She still wasn't sure what they were going to do this evening, and hoped something might come to her in a daydream. Dumping her friend off with the cops felt increasingly unavoidable, but the alternative was spending a second night on the streets and she felt like she'd rather go home and deal with Tark than do that. She took a sip of lukewarm tea and wished she'd ignored Polly and gone straight to the police, before she'd had the chance to get so attached to the little guy.

Monday had so far played out much like Sunday, with the exception that there were more commuters and busier trains, and as a result, a much more fractious, jittery Polly. They got separated a handful of times – each time, he hunkered down like a stubborn ball of granite until Laine managed to make her way back to him. She wasn't really sure how he seemed to be manipulating his weight – and to be fair, he couldn't explain it, either – but it saved him getting kicked off the edge of a platform at least twice. (His enjoyment of the Underground was not increasing with experience.)

Their current residence was a smallish place; not as quiet as Laine would have liked, but the steady stream of patrons were mostly preferring to purchase their drinks then leave, so no-one had asked them to move on yet. The hiss of steam and rattle of utensils kept her just awake enough that she hadn't yet fallen off her chair.

A flicker of movement caught her eye and she looked up to see Polly had straightened up, suddenly. The smallest seam of red glowed from between his shutters.

"You got something?"

"I just had a message," he confirmed. He actually sounded cautiously excited. "It said, Doctor Ninestein will meet you this evening at the following co-ordinates."
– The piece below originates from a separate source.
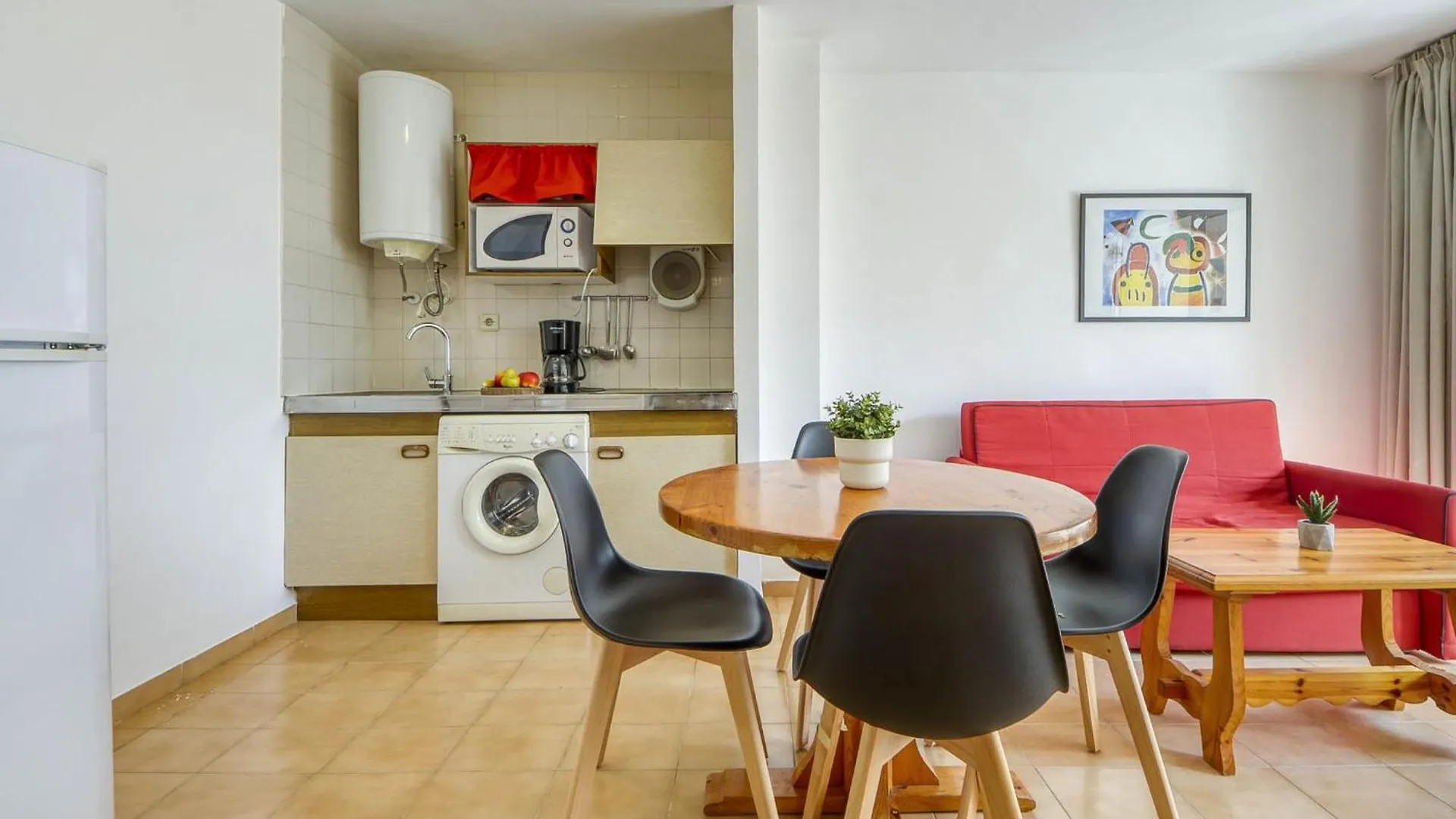 Apartment Mismar-6 By Interhome Roses Spain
"And… who is Doctor Ninestein?"

"I don't know! But it felt like someone just reached in and yanked on a whole bunch of command prompts so I figure that means I probably should know who they are? They feel important!"

Laine set her cup to one side. "Who sent you it?"
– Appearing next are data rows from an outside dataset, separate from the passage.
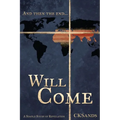 And then the end... Will Come: a simple study of Revelation - Paperback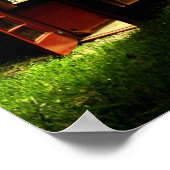 Postbus Poster (Hoek)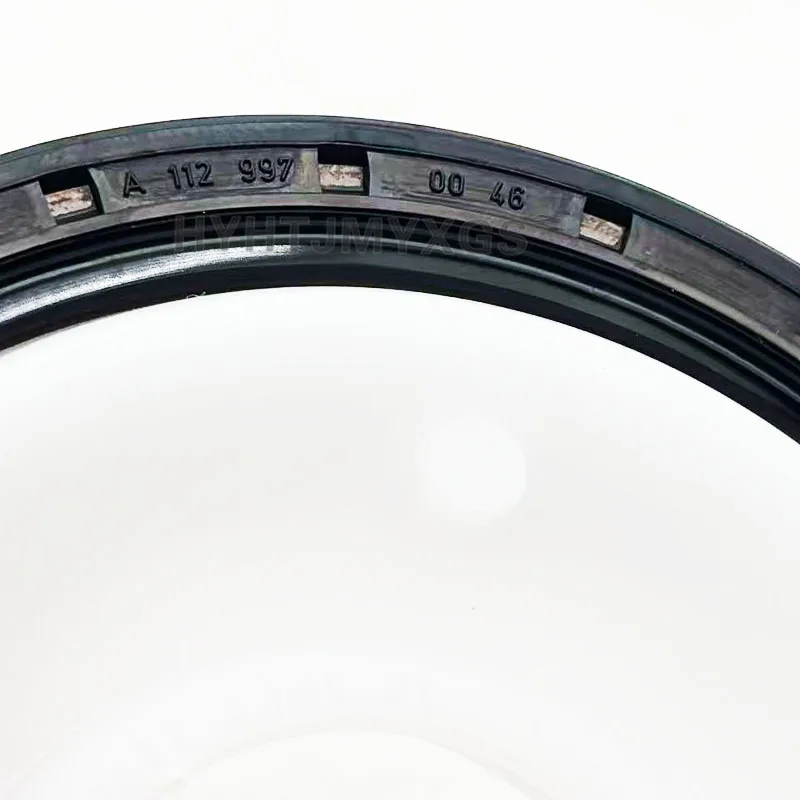 A1129970246 original crankshaft oil seal suitable for Mercedes Benz E320 R230 SL500 ML350 S500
"Littlebird101." A beat of silence passed. "Oh, hey, that's my number, too!" He jittered excitedly on the seat. "Oh my stars Laine, do you realise? This is it! I found my people! I must have!"
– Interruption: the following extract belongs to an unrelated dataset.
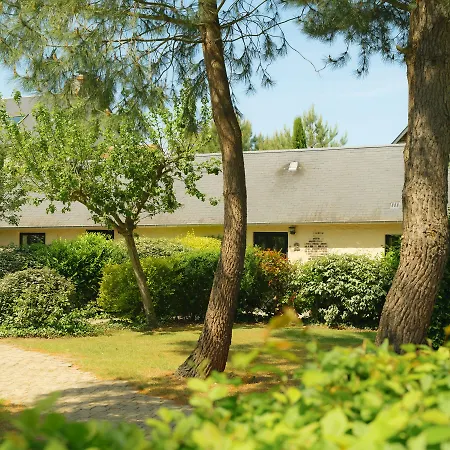 Bed and breakfast Domaine Du Lieu Des Brocs 3*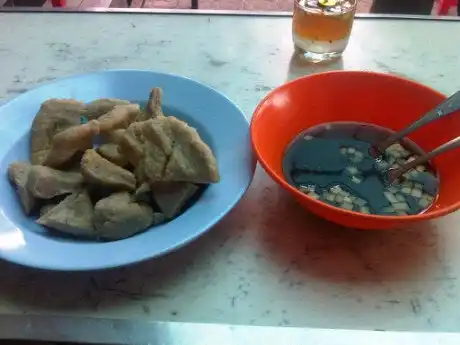 Gambar Makanan Pempek Farhan Tlogomas (Pojokan) 4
She felt terrible for dumping cold water on his enthusiasm, but felt compelled to add a note of caution. "You have no idea who it is sent you that. Can you trust them?"

"They know my boss's name and they know my number. It can't be a coincidence!"

"Oh, steady on. You don't know who that guy is. Don't you think calling him your boss is a bit of a reach?" Seeing his shutters defensively closing up again and his brow tilting down into a frown, she put her hands up. "Sorry, sorry. I'm just worried. They only gave you two pieces of information and you're jumping at it like it's concrete proof-"

"It's more than I've found anywhere else," he reminded. "I can't afford not to."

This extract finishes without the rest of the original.